Then configure the MCP server in your project (see MCP Server below).

Detailed docs: .codex/INSTALL.md

OpenCode

OpenBrowser works with OpenCode.ai via plugin and skill symlinks.

Quick Install

Tell OpenCode:

Fetch and follow instructions from https://raw.githubusercontent.com/billy-enrizky/openbrowser-ai/refs/heads/main/.opencode/INSTALL.md

Manual Install

# Clone the repository
git clone https://github.com/billy-enrizky/openbrowser-ai.git ~/.config/opencode/openbrowser

# Create directories
mkdir -p ~/.config/opencode/plugins ~/.config/opencode/skills

# Symlink plugin and skills
ln -s ~/.config/opencode/openbrowser/.opencode/plugins/openbrowser.js ~/.config/opencode/plugins/openbrowser.js
ln -s ~/.config/opencode/openbrowser/plugin/skills ~/.config/opencode/skills/openbrowser

# Restart OpenCode

Then configure the MCP server in your project (see MCP Server below).

Detailed docs: .opencode/INSTALL.md

OpenClaw

OpenClaw does not natively support MCP servers, but the community openclaw-mcp-adapter plugin bridges MCP servers to OpenClaw agents.

Install the MCP adapter plugin (see its README for setup).
Add OpenBrowser as an MCP server in ~/.openclaw/openclaw.json:

{
  "plugins": {
    "entries": {
      "mcp-adapter": {
        "enabled": true,
        "config": {
          "servers": [
            {
              "name": "openbrowser",
              "transport": "stdio",
              "command": "uvx",
              "args": ["openbrowser-ai[mcp]", "--mcp"]
            }
          ]
        }
      }
    }
  }
}

The execute_code tool will be registered as a native OpenClaw agent tool.

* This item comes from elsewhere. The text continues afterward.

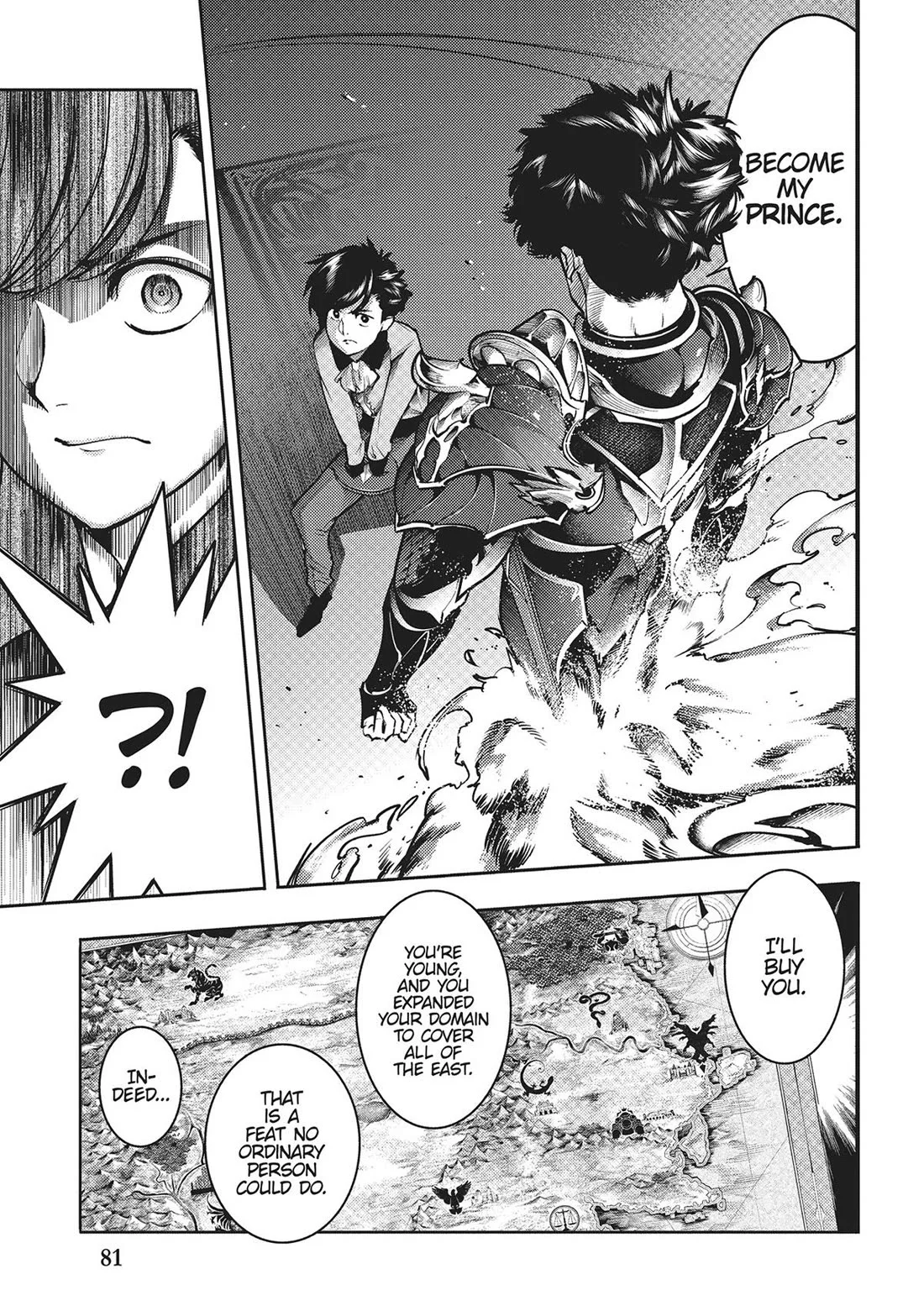 shuumatsu-no-harem-fantasia-chap-67-4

For OpenClaw plugin documentation, see docs.openclaw.ai/tools/plugin.

MCP Server

OpenBrowser includes an MCP (Model Context Protocol) server that exposes browser automation as tools for AI assistants like Claude. No external LLM API keys required. The MCP client (Claude) provides the intelligence.

Quick Setup

Claude Code: add to your project's .mcp.json:

{
  "mcpServers": {
    "openbrowser": {
      "command": "uvx",
      "args": ["openbrowser-ai[mcp]", "--mcp"]
    }
  }
}

Claude Desktop: add to ~/Library/Application Support/Claude/claude_desktop_config.json:

{
  "mcpServers": {
    "openbrowser": {
      "command": "uvx",
      "args": ["openbrowser-ai[mcp]", "--mcp"],
      "env": {
        "OPENBROWSER_HEADLESS": "true"
      }
    }
  }
}

Run directly:

uvx openbrowser-ai[mcp] --mcp

Tool

The MCP server exposes a single execute_code tool that runs Python code in a persistent namespace with browser automation functions. The LLM writes Python code to navigate, interact, and extract data, returning only what was explicitly requested.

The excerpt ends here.